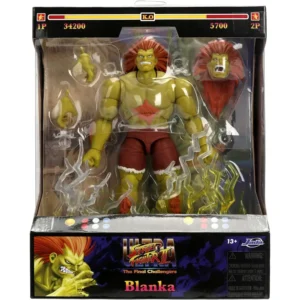 Ultra Street Fighter Blanka e Sagat Jada Toys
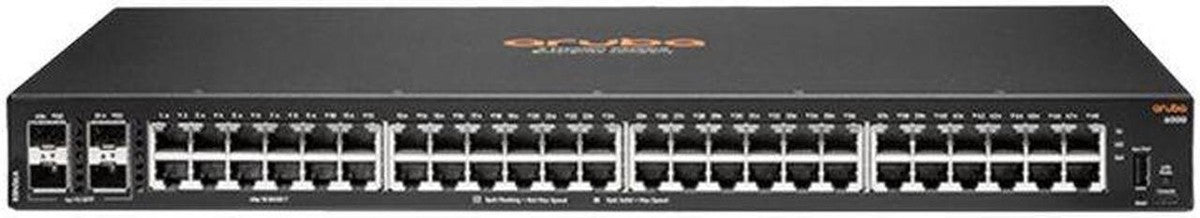 Aruba CX 6000 48G 4 SFP Managed Ethernet Switch R8N86A#ABA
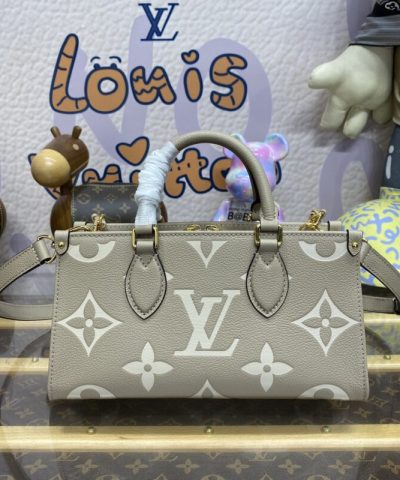 Replica LV Onthego East West Beige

### Exercise instructions
Once the pictures are set aside, restate the remaining data above exactly.

### Answer for this exercise
 Ultra Street Fighter Blanka e Sagat Jada Toys
 Aruba CX 6000 48G 4 SFP Managed Ethernet Switch R8N86A#ABA
 Replica LV Onthego East West Beige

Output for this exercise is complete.